Restate the whole listing exactly, leaving nothing out.

Records Start Marker

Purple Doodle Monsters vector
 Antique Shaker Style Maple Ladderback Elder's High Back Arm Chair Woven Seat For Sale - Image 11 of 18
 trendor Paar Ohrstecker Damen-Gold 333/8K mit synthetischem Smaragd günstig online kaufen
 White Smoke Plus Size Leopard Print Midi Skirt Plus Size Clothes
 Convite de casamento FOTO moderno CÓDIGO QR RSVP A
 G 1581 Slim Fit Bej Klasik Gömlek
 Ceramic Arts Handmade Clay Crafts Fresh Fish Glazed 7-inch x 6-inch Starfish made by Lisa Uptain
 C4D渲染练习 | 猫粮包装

Records End Marker

**Reply to the exercise:**
Purple Doodle Monsters vector
 Antique Shaker Style Maple Ladderback Elder's High Back Arm Chair Woven Seat For Sale - Image 11 of 18
 trendor Paar Ohrstecker Damen-Gold 333/8K mit synthetischem Smaragd günstig online kaufen
 White Smoke Plus Size Leopard Print Midi Skirt Plus Size Clothes
 Convite de casamento FOTO moderno CÓDIGO QR RSVP A
 G 1581 Slim Fit Bej Klasik Gömlek
 Ceramic Arts Handmade Clay Crafts Fresh Fish Glazed 7-inch x 6-inch Starfish made by Lisa Uptain
 C4D渲染练习 | 猫粮包装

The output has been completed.